The world in brief

QUOTE OF THE DAY

“I think this time our military demonstrated

to the whole world that it doesn’t make empty talk.”

Pyongyang resident Ri Pong Suk

Article, 1ANew drug-gang chief caught in Mexico

MEXICO CITY - Federal police said Wednesday that they captured the new leader of a drug gang formerly led by jailed U.S.-born suspect Edgar Valdez Villarreal, in another blow to a cartel fighting to control the region south of Mexico City to the Pacific resort of Acapulco.

Carlos Montemayor was arrested in Mexico City on Tuesday with the help of the U.S. Drug Enforcement Administration and with information obtained after Valdez’s arrest on Aug. 30, said Ramon Pequeno, the federal police anti-drug chief.

Montemayor, whose daughter is married to Valdez, took over his faction of the splintered Beltran Leyva cartel after Valdez was caught, Pequeno said.

Authorities say Valdez, a Texas native known as “La Barbie” who faces possible extradition to the United States, tried to seize control of the gang after boss Arturo Beltran Leyva died in a December shootout with marines.

Yemeni attack leaves 17 Shiites dead

SANA, Yemen - A suicide car bomber struck a convoy of Yemeni Shiites on their way to a religious ceremony Wednesday, killing 17 and wounding more than 15 people, a security official said.

The official said authorities suspected that al-Qaida was behind the attack, though it would be the extremist organization’s first reported direct assault on the country’s Shiite minority group.

The official spoke on condition of anonymity because of the ongoing investigation.

Yemen’s local branch of al-Qaida has been increasingly active over the past year, assaulting government targets inside the country as well carrying high-profile attacks abroad such as last month’s attempt to ship parcel bombs to the U.S. through cargo planes.

11 killed in violence across Iraq

BAGHDAD - Eleven people have been killed across Iraq in separate drive-by shootings and bombings, including one that targeted members of an anti-al-Qaida militia, Iraqi officials said Wednesday.

In the deadliest attack, a roadside bomb killed four people in the town of Shurqat, 155 miles northwest of Baghdad.

Three of the dead were members of the Sons of Iraq, a Sunni militia that has been instrumental in lessening al-Qaida’s deadly role in the country. Members of the group are often targeted by al-Qaida out of revenge and to intimidate others from joining them.

A Shurqat police official said that first a roadside bomb exploded near a police patrol in the town, which is just north of Saddam Hussein’s hometown, Tikrit.

No one was killed in that bombing, but as people gathered nearby to assess the damage, another roadside blast exploded just five minutes later and killed the three Sunni militia members and one bystander.

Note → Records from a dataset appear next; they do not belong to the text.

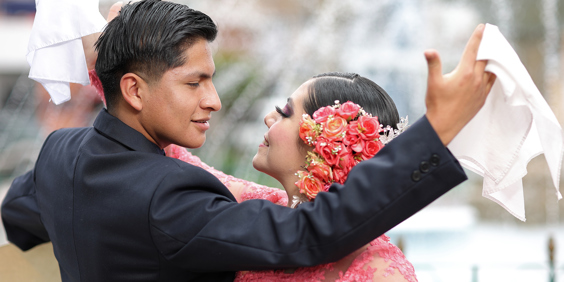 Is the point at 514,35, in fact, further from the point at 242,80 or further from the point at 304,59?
the point at 242,80

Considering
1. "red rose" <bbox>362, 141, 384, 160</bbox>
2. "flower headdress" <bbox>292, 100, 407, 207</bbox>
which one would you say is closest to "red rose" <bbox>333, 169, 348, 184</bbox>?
"flower headdress" <bbox>292, 100, 407, 207</bbox>

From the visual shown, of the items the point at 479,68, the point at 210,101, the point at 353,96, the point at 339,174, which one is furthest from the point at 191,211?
the point at 479,68

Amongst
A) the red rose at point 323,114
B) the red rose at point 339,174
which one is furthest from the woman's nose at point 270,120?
the red rose at point 339,174

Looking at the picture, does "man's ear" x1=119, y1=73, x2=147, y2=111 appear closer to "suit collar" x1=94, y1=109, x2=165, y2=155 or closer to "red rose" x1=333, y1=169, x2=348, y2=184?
"suit collar" x1=94, y1=109, x2=165, y2=155

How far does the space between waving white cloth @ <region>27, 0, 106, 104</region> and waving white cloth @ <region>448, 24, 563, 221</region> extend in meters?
1.81

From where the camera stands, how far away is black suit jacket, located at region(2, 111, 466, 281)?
1.77m

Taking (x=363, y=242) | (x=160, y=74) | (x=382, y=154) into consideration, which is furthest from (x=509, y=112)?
(x=160, y=74)

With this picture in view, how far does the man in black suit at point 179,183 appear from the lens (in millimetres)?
1766

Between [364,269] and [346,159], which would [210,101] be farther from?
[364,269]

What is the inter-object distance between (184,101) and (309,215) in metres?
0.81

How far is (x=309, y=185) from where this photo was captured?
2367 mm

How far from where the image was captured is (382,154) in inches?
71.7

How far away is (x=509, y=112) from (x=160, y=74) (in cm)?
138

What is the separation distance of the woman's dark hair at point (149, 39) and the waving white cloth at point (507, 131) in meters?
1.17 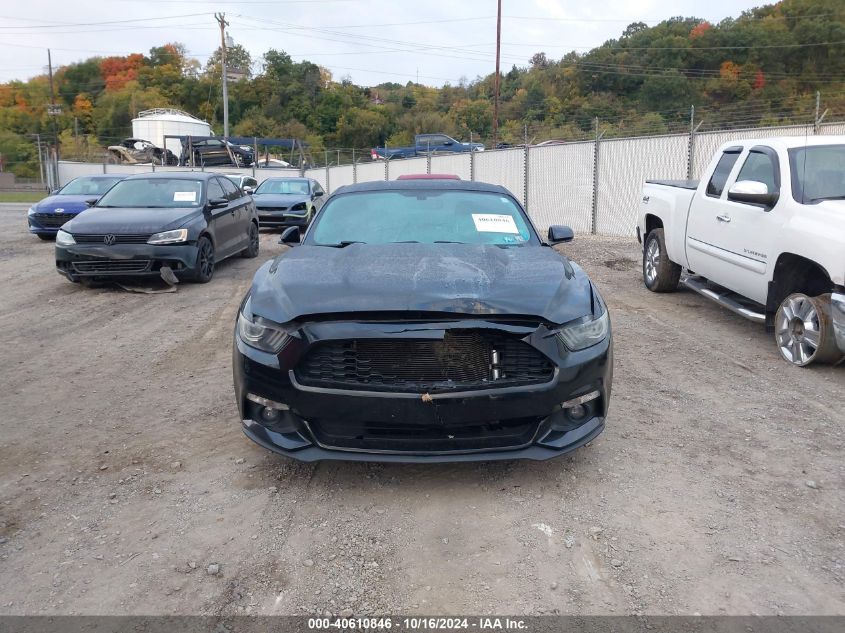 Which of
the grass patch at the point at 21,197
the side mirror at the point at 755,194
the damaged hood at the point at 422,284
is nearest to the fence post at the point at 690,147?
the side mirror at the point at 755,194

Ten civilians were also wounded by the second blast.

Police, Christians clash in Egypt

CAIRO - Hundreds of Christians smashed cars and windows and tried to assault a municipal building in Cairo on Wednesday after police violently stopped the construction of a church, leaving one person dead.

Police clashed with Christians first at the church construction site in the early hours of the morning and then several hours later when a mob of hundreds assaulted the local governor’s office in retaliation.

The slain Christian was shot in the thigh and died after arriving at a nearby hospital, according to the official Middle East News Agency, which also said 68 people were injured in the clashes and 133 were arrested.

Two priests were summoned by the general prosecutor for interrogation.

Coptic Christians make up about 10 percent of Egypt’s population of 80 million. They complain frequently of discrimination, though they generally live in peace with the Muslim majority with occasional flareups of tension and violence, especially over limits on church building.